Setting up LZO compression in Hadoop/YARN

Install liblzo

  • On Redhat based systems sudo yum install liblzo-devel
  • On Debian based systems sudo apt-get install liblzo2-dev

Clone the hadoop-lzo from github

$ git clone https://github.com/twitter/hadoop-lzo.git
$ cd hadoop-lzo
$ mvn clean package

Place the hadoop-lzo-*.jar somewhere on your cluste classpath

$ cp hadoop-lzo/target/hadoop-lzo-0.4.20-SNAPSHOT.jar /data/lib/

Place the native hadoop-lzo binaries in hadoop native directory

$ cp hadoop-lzo/target/native/Linux-amd64-64/lib/* $HADOOP_HOME/lib/native/hadoop-lzo/

Add the following to your core-site.xml:

<property>
<name>io.compression.codecs</name>
<value>
    org.apache.hadoop.io.compress.GzipCodec,
    org.apache.hadoop.io.compress.DefaultCodec,
    org.apache.hadoop.io.compress.BZip2Codec,
    com.hadoop.compression.lzo.LzoCodec,
    com.hadoop.compression.lzo.LzopCodec
</value>
</property>
<property>
    <name>io.compression.codec.lzo.class</name>
    <value>com.hadoop.compression.lzo.LzoCodec</value>
</property>

Add the following to your mapred-site.xml:

<property>
  <name>mapred.child.env</name>
  <value>JAVA_LIBRARY_PATH=$HADOOP_HOME/lib/native/hadoop-lzo/</value>
</property>
<property>
  <name>mapred.map.output.compression.codec</name>
  <value>com.hadoop.compression.lzo.LzoCodec</value>
</property>

References:

10 comments

Fortunately, Apache Hadoop is a tailor-made solution that delivers on both counts, by turning big data insights into actionable business enhancements for long-term success. To know more, visit Hadoop Training Bangalore

hadoop online training always recommends this site for valuable information related not only about the hadoop but also about various other technologies which are cloud related. Thanks for maintaining this wonderful blog.

I think this is the best blog I have been through all this day.
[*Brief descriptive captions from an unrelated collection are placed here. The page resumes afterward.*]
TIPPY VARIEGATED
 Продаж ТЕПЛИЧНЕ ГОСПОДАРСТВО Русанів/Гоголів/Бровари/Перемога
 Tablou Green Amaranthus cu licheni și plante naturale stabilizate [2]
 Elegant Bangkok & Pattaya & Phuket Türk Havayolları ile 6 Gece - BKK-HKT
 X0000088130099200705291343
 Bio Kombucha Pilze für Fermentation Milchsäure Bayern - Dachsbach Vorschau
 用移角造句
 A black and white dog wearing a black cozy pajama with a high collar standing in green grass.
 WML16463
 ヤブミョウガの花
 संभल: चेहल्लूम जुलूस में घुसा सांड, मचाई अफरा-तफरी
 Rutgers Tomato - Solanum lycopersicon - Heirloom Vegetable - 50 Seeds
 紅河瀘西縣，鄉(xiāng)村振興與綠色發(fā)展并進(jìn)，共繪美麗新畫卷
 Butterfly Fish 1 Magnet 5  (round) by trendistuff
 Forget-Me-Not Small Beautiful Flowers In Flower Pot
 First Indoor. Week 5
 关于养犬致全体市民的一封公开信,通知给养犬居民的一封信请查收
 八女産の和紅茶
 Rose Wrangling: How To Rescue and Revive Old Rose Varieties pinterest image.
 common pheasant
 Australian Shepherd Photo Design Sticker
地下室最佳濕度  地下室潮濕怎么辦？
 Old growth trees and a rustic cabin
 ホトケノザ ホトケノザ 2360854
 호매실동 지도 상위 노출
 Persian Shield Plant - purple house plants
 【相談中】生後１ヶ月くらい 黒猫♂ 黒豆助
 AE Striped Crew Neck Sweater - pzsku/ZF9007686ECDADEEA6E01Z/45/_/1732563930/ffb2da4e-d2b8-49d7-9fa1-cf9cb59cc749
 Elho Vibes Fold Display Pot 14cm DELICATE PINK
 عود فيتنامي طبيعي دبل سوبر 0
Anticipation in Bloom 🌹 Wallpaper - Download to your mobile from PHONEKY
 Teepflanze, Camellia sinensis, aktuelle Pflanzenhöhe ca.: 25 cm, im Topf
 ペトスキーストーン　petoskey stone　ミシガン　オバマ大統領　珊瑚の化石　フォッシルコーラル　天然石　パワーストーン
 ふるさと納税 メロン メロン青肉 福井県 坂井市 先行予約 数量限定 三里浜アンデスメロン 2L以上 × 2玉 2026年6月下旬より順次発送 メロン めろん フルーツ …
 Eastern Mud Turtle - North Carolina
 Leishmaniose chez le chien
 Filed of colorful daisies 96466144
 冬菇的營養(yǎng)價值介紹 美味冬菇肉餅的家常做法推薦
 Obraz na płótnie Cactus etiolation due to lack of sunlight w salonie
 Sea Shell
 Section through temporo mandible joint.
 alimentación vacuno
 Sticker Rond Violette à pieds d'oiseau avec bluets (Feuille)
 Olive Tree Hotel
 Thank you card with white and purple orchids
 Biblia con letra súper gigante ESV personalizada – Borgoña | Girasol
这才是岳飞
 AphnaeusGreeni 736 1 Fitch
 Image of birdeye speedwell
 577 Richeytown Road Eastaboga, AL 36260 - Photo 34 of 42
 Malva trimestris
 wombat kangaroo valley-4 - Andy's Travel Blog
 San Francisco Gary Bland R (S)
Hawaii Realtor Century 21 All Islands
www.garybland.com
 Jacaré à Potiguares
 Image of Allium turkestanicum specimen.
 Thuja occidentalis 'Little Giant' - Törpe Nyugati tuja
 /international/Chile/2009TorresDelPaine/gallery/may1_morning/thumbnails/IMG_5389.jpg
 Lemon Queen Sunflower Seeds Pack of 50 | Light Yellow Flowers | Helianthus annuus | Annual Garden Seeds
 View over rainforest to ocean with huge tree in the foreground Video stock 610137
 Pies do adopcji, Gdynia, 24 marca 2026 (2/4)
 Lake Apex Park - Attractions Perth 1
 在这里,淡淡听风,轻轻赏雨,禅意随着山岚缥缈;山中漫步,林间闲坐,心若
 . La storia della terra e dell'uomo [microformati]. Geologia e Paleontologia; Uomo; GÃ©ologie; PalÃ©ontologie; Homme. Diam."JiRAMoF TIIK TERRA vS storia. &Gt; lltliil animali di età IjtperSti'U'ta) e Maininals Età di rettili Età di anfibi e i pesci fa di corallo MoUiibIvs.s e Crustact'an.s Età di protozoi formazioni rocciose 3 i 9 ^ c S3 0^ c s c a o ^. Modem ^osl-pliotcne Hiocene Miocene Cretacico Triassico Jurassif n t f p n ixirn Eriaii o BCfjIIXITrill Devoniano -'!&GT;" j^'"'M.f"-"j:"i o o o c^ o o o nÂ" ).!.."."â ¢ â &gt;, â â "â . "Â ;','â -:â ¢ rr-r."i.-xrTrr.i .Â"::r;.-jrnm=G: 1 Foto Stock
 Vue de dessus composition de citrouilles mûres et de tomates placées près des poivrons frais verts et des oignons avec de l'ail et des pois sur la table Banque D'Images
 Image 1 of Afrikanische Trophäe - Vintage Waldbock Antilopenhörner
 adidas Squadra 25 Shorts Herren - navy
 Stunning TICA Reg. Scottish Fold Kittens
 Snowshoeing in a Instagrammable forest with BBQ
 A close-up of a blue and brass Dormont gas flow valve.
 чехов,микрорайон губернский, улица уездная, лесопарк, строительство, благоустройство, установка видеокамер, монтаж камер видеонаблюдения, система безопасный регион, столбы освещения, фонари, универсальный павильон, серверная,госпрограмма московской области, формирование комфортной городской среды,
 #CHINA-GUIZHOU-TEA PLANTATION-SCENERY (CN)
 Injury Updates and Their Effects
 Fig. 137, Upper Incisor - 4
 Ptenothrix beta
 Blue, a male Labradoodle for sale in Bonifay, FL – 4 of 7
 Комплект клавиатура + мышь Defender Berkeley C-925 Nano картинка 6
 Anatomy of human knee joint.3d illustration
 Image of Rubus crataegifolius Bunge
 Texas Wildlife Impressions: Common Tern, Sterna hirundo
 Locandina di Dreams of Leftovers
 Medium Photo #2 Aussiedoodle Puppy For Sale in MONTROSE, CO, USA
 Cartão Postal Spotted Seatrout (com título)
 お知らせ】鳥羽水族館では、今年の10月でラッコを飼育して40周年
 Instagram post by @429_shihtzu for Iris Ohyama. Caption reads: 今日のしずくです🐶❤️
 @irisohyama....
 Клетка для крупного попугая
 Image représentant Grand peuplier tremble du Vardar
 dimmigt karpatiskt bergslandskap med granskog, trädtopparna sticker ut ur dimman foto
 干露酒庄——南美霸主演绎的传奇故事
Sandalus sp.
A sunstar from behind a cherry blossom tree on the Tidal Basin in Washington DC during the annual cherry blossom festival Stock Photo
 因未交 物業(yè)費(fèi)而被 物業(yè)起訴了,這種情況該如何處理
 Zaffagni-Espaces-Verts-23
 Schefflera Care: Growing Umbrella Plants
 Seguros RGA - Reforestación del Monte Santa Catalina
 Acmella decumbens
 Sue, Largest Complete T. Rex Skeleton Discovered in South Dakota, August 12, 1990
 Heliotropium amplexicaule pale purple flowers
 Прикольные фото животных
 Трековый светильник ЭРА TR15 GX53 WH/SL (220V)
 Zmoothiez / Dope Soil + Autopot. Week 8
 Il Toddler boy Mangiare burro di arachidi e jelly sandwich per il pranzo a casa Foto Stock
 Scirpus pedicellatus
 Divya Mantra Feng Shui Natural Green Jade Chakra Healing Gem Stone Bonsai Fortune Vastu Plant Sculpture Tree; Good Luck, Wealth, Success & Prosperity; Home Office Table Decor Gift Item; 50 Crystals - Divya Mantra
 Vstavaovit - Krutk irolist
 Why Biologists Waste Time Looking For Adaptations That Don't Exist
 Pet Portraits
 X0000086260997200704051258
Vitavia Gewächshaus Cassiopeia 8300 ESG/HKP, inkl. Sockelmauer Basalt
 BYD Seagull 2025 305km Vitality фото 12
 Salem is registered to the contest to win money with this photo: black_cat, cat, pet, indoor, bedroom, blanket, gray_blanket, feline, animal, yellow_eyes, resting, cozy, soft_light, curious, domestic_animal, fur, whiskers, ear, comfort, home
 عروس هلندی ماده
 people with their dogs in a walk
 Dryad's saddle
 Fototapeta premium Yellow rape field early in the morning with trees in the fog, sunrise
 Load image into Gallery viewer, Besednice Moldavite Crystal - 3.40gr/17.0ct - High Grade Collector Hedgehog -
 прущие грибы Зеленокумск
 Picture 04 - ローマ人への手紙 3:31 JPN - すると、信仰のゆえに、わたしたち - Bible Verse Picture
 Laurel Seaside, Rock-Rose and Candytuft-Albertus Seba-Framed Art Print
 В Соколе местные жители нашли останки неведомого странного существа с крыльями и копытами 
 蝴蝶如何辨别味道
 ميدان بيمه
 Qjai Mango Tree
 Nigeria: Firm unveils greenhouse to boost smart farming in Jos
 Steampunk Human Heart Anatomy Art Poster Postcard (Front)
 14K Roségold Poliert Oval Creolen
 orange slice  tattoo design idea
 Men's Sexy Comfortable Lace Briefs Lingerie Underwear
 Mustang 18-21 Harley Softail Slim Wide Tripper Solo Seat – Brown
Hadoop Training in Chennai

Excellent and very cool idea and the subject at the top of magnificence and I am happy to this post..Interesting post! Thanks for writing it.What's wrong with this kind of post exactly? It follows your previous guideline for post length as well as clarity..
Android Training in Chennai

Hi, Great.. Tutorial is just awesome..It is really helpful for a newbie like me.. I am a regular follower of your blog. Really very informative post you shared here. Kindly keep blogging. If anyone wants to become a Java developer learn from Java Training in Chennai. or learn thru Java Online Training from India . Nowadays Java has tons of job opportunities on various vertical industry.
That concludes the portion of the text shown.